We can merely divide this procedure in two parts;

    • Submission Part: i.e. submission of draft of the Standing Orders to the office of the certifying officer
    • Certification Part: i.e. Certification of the Standing Orders by appropriate authority/ Authorities under the Act.
  • Submission Part:

Any establishment, within 6 months from the date on which this Act become applicable to the establishment, has to apply for certification of Standing Orders. The employer of the industrial establishment to which this Act applies has to submit five copies of draft standing order proposed by him for adoption to his industrial establishment to the Certifying Officer of the area for certification.

Provision shall be made in such draft for every matter set out in the Schedule which may be applicable to the industrial establishment, and where model standing order have been prescribed, shall be, so far as is practicable, in conformity with such model.

The draft standing orders submitted under this section shall be accompanied by a statement giving the following particulars as prescribed under Act / Rules in prescribed form:-

    • Total number employed
    • Number of permanent workmen
    • Number of temporary workmen
    • Number of casual workmen
    • Number of the Badli or Substitutes
    • Number of Probationers
    • Number of Apprentices
    • Name of the trade unions, if any, to which the workmen belong


  • Certification Part:

On receipt of the draft standing order, the Certifying Officer shall forward a copy thereof to the trade union together with a notice in prescribed form where there is a trade union functioning in the industry.
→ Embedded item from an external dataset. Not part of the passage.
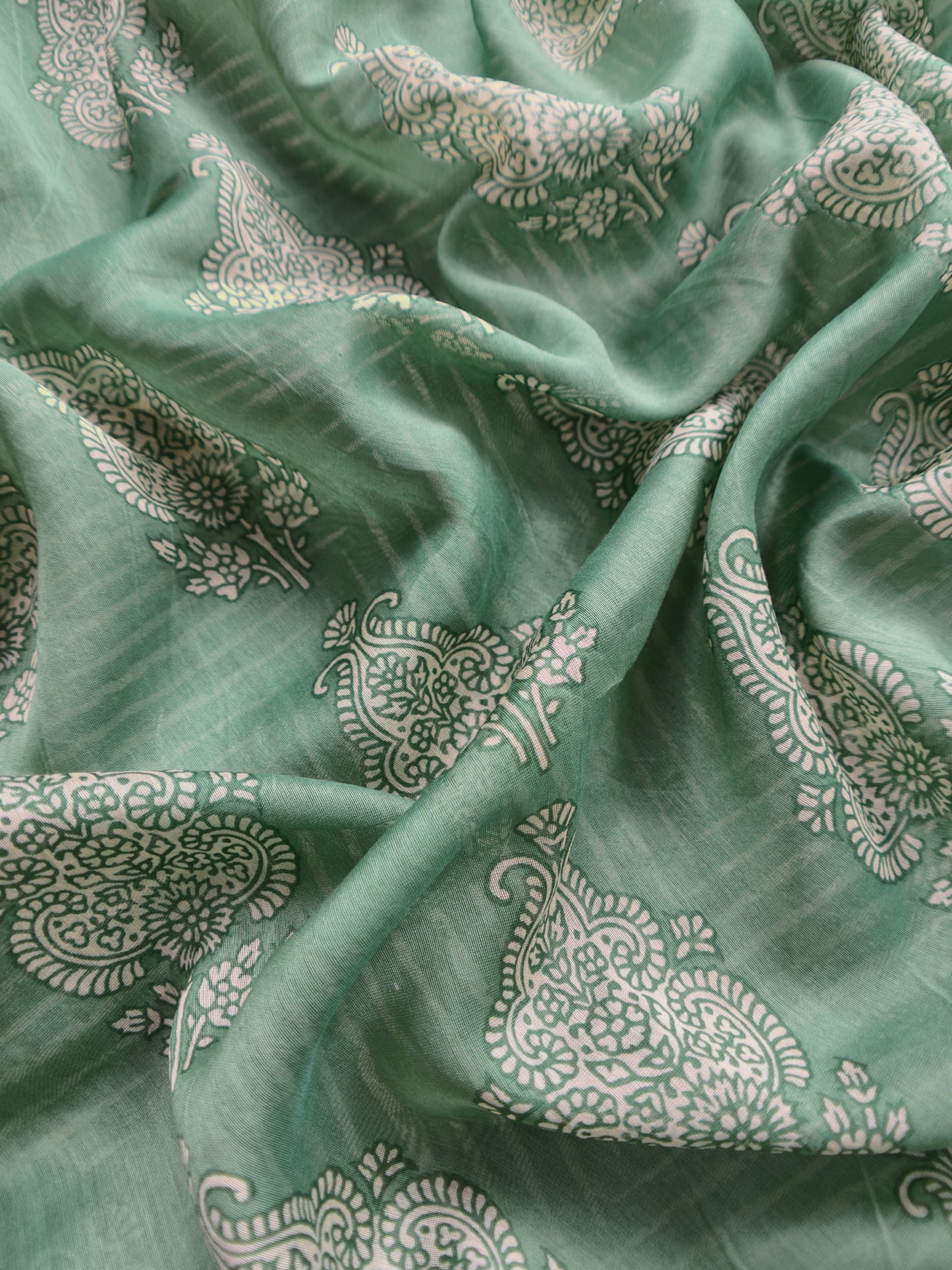 Emerald Green Maheshwari Silk Unstitched Suit With Leheriya And Block Print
Where there is no such trade union, the Certifying Officer shall hold election of three representatives by the workmen from among themselves or authorize any officer in working to hold such election, and thereupon shall forward a copy of such notice in prescribed form.

Certifying Officer after hearing make necessary modification in the draft standing order if required and certify the same and shall within seven days thereafter send copies of the standing order authenticated by him to the employer and to the trade union or the prescribed representatives of the workmen.

Any employer, workmen, trade union or other prescribed representatives of any workman aggrieved by the order of the Certifying Officer may within thirty days from the date on which copies of the certified standing orders are sent shall submit a memorandum of appeal setting out the grounds of appeal in prescribed form in quadruplicate appeal to the Appellate Authority. The Appellate Authority shall, after giving the appellant an opportunity of being heard shall pass final order on the appeal petition and his decisions shall be final.

Mostly, The District and Session Judges are declared as the Appellate Authority under the Act within their respective jurisdiction.

Standing orders shall come into operation on the expiry of thirty days from the date on which authenticated copies thereof are sent to all the concerned parties. Standing order should be displayed in English and local language on special notice boards at or the near entrance of the establishment. Once the ‘Standing Orders’ are certified, they supersede any term and condition of employment, contained in the appointment letter. Standing orders are binding on employer and employee. These are statutorily imposed conditions of service.